Conan tussles with a gaurd about to shoot the thieves down and a struggle begins. The thieves help Conan by dropping a brick onto the head of one of the Cimmerian`s assailants. Conan makes his escape with the two thieves, calling to Jenna that they will meet up behind the Temple of Anu...

The pursuing soldiers are afraid and cannot enter the sacred temple as the thieves slip inside. Once inside, Conan recognises one of the thieves as Burgun, the Gunderman that Conan believed killed when they both took flight from the destruction of Lanjau (see Conan the Barbarian v.1,#8). His younger companion is Igon.

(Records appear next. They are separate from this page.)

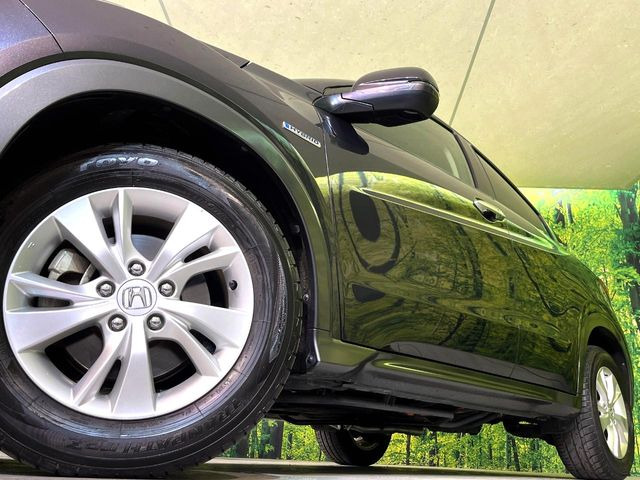 【純正16インチアルミホイール】外観にマッチした純正アルミホイールを装着しております。各種社外アルミホイールや、スタッドレスタイヤも取扱いしております。是非ご相談ください♪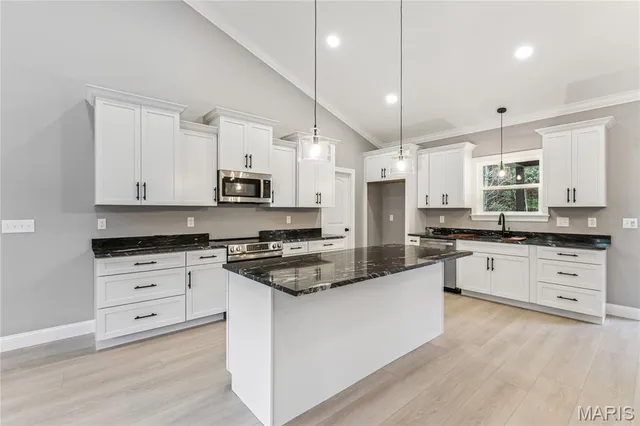 $574,900 | 101 Sunrise Lane, Old Monroe, MO 63369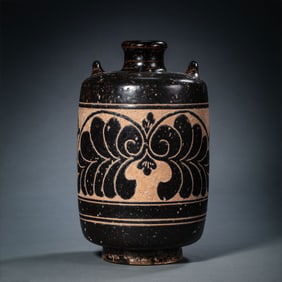 Black-glazed double-handled vase with carved floral patterns from the Cizhou kiln, Northern Song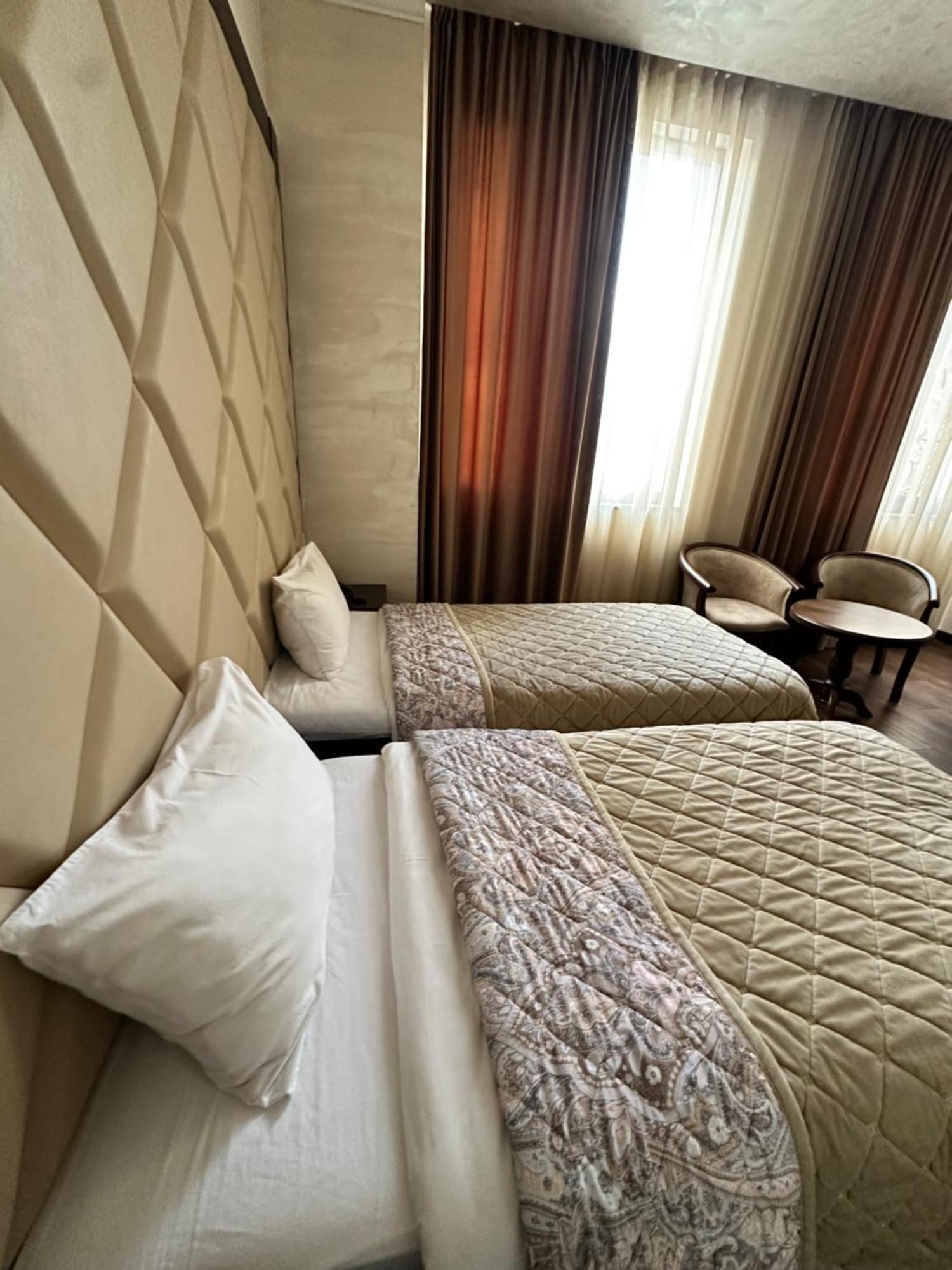 Hotel Partiez 耶烈万 外观 照片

In the temple they meet a fat priest who acts as a fleece for the stolen goods that Burgun provides for him. The priest shows them a shimmering spiral, a stairway to `the very stars`, and from this the group suddenly glimpse a terrifying vision of the huge Bull of Anu, the monstous being that acts as an avenger for the god,Anu...

The priest quickly dispels the form,and the thieves depart. they meet Jenna, who seems to take a liking to the youth, Igon.

Conan and Burgun strike up a partnership and they begin a spree of robberies around the city. Burgun suggests they try a more ambitious theft - against Nabonidus the Red Priest, the real ruler of the city, despite the puppet king who sits on the throne...

They break into Nabonidus` official residence, but Conan, fearing sorcery, takes only a dagger-belt, despite the wealth scattered around. The thieves depart...

Soon after, Nabonidus is aware of the theft and threatens the gaurds that he insists the culprits are caught immediately.

The soldiers led by Captain Aron have been informed by the fat priest at the temple. They ambush Conan and Burgun on the temple steps and a fight commences. Conan escapes, but Burgun is overwhelmed and captured. Conan vows his rescue and vanishes into the night...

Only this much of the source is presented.